Seule voie discordante, le résistant Lakhdar Bouregâa, ancien commandant de la Wilaya IV historique, s’est montré très critique à l’égard des protagonistes Ahmed Taleb Ibrahimi, Ali Yahia Abdenour et Rachid Benyellès.

"Les auteurs de cette initiative ont servi, depuis 52 ans, le système en place. Il faut passer le flambeau à la nouvelle génération. À nos jeunes. Ni moi, ni Ibrahimi ne pourrons être la solution de la crise", estime Bouregâa.
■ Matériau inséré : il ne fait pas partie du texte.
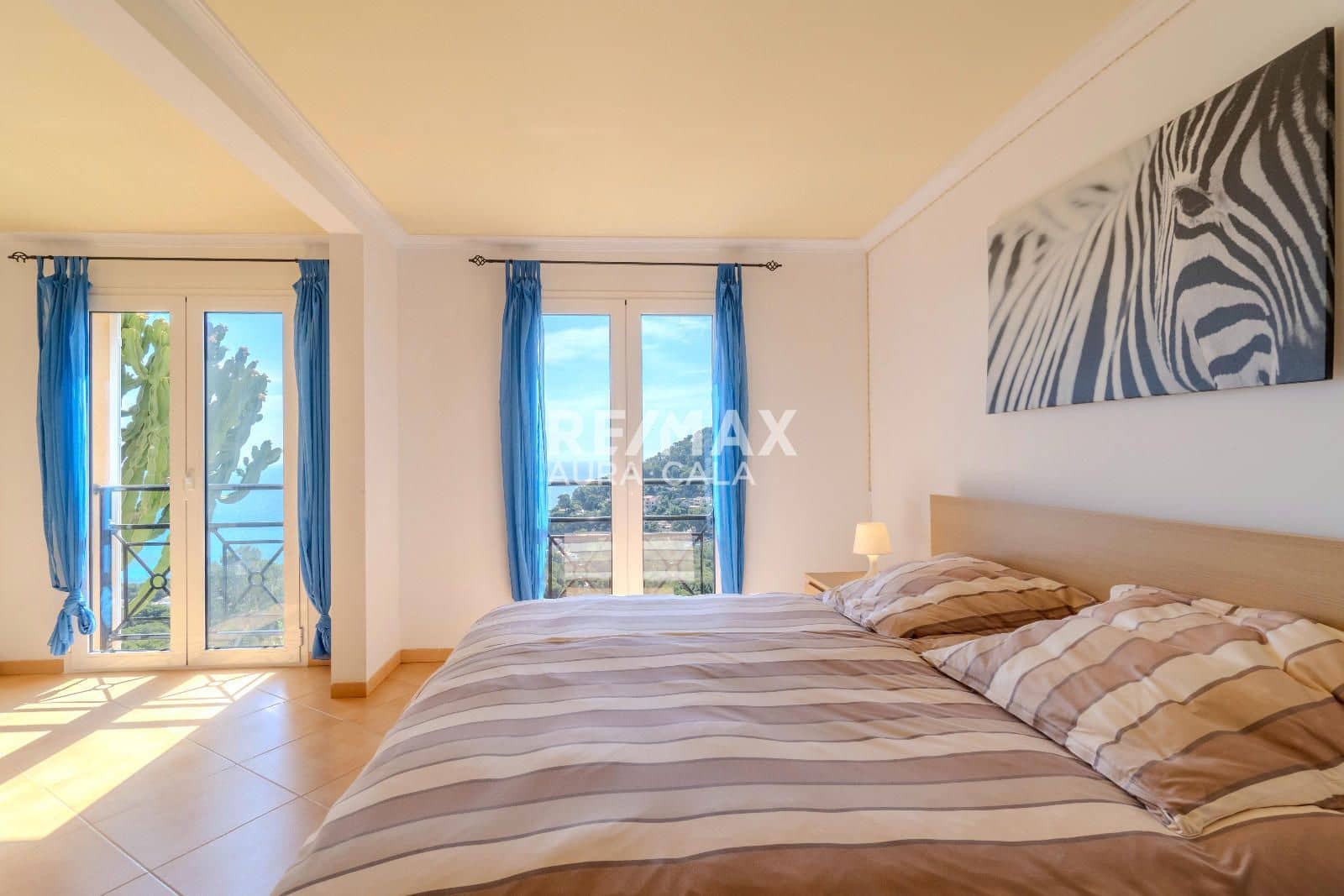 3 bedroom Villa for sale in Canyamel with pool garage - € 2,200,000 (Ref: 9854632)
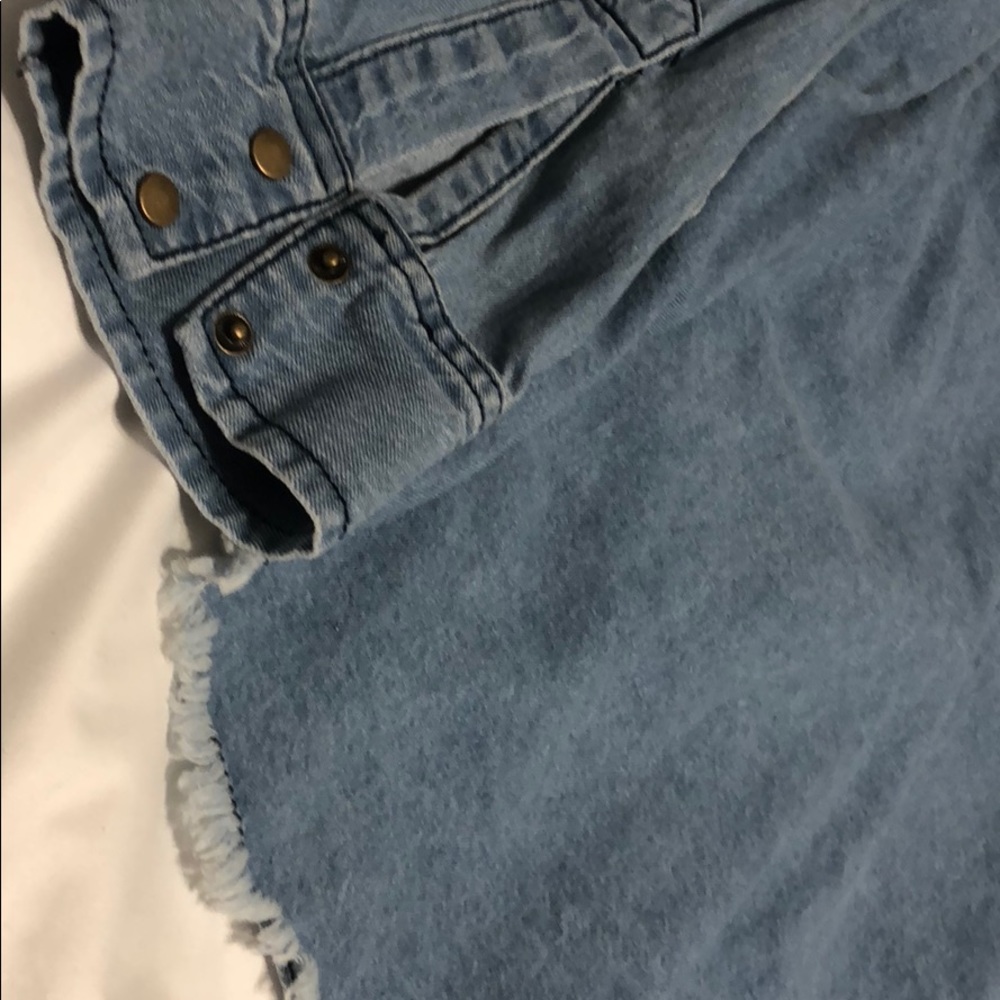 Jean button down - Picture 3 of 3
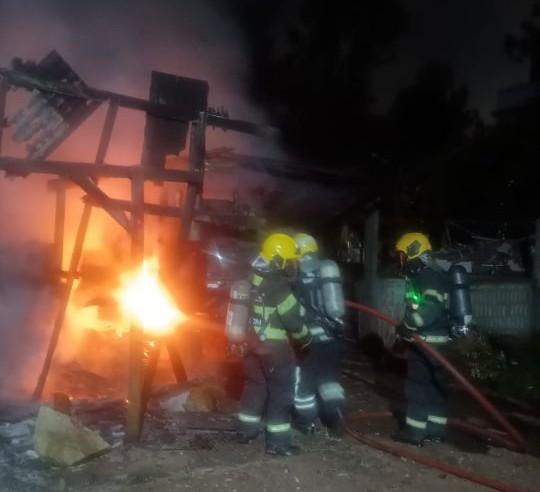 Incêndio em Galpão de Palhoça - CBMSC
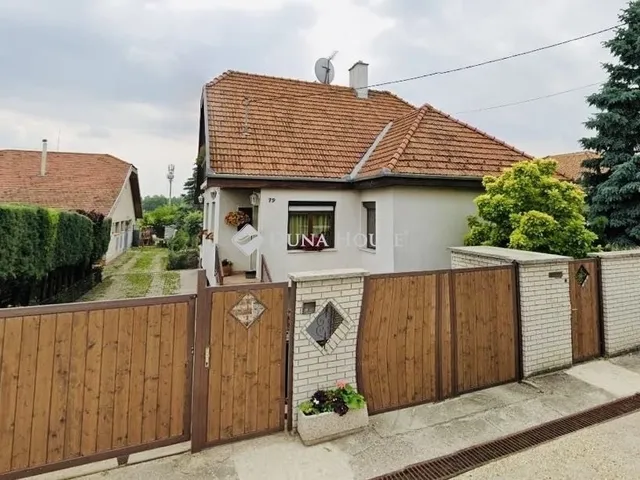 Eladó ház Tárnok 190 nm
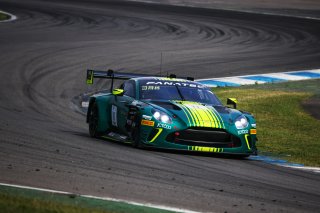#11 - Comtoyou Racing -  Razvan Umbrarescu - James Jakes - Aston Martin Vantage AMR GT3 EVO 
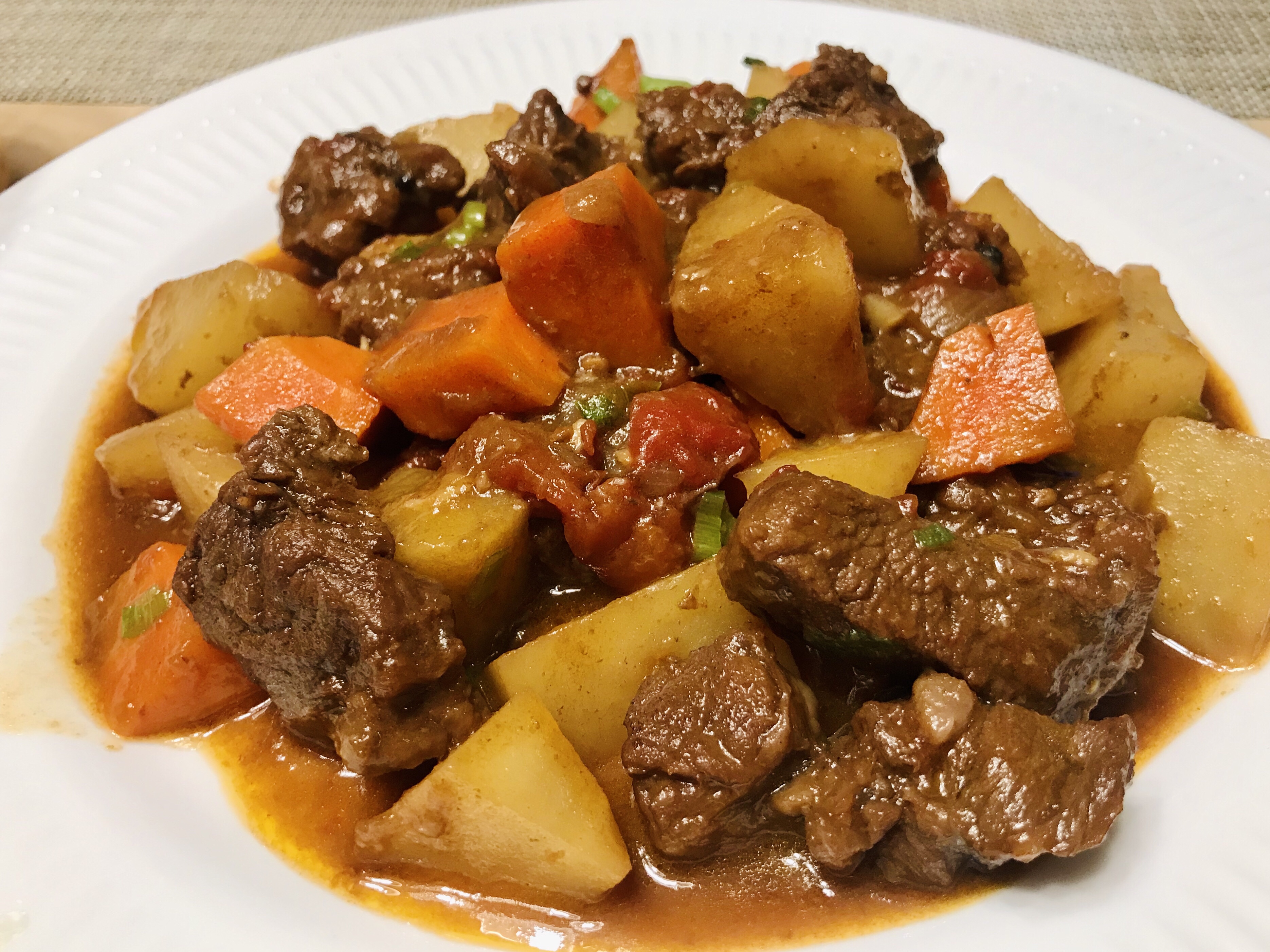 红烧牛肉炖土豆胡萝卜 秋季暖胃 鲜香美味的做法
D'après Lakhdar Bouregâa, ces trois personnalités "n’ont jamais milité pour l’Algérie. Elles se contentent aujourd’hui de regarder de loin ce qui ce passe dans le pays, puisque d’après lui, elles ne sont jamais descendues dans la rue pour participer aux marches hebdomadaires des Algériens", a-t-il affirmé.

En tout état de cause, cette sortie intervient à un moment crucial de la vie politique algérienne. Dans ce même sillage, des sources concordantes s'unissent pour remettre en doute la tenue des élections présidentielles en Algérie prévues le 4 juillet 2019.

En effet, au lendemain de sa prise de fonction, le président par intérim Abdelkader Bensalah a annoncé mercredi 10 avril que l'élection présidentielle se tiendrait le 4 juillet 2019 en Algérie.

73 dossiers de candidatures ont été retirés du ministère de l'Intérieur, mais hier, dimanche, au 19 mai 2019, date butoir du dépôt, aucune candidature n'a été déposée.

L'Algérie se dirige-t-elle vers l'annulation des élections présidentielles du 4 juillet, qui étaient censées être les premières élections libres du pays depuis son indépendance en 1962?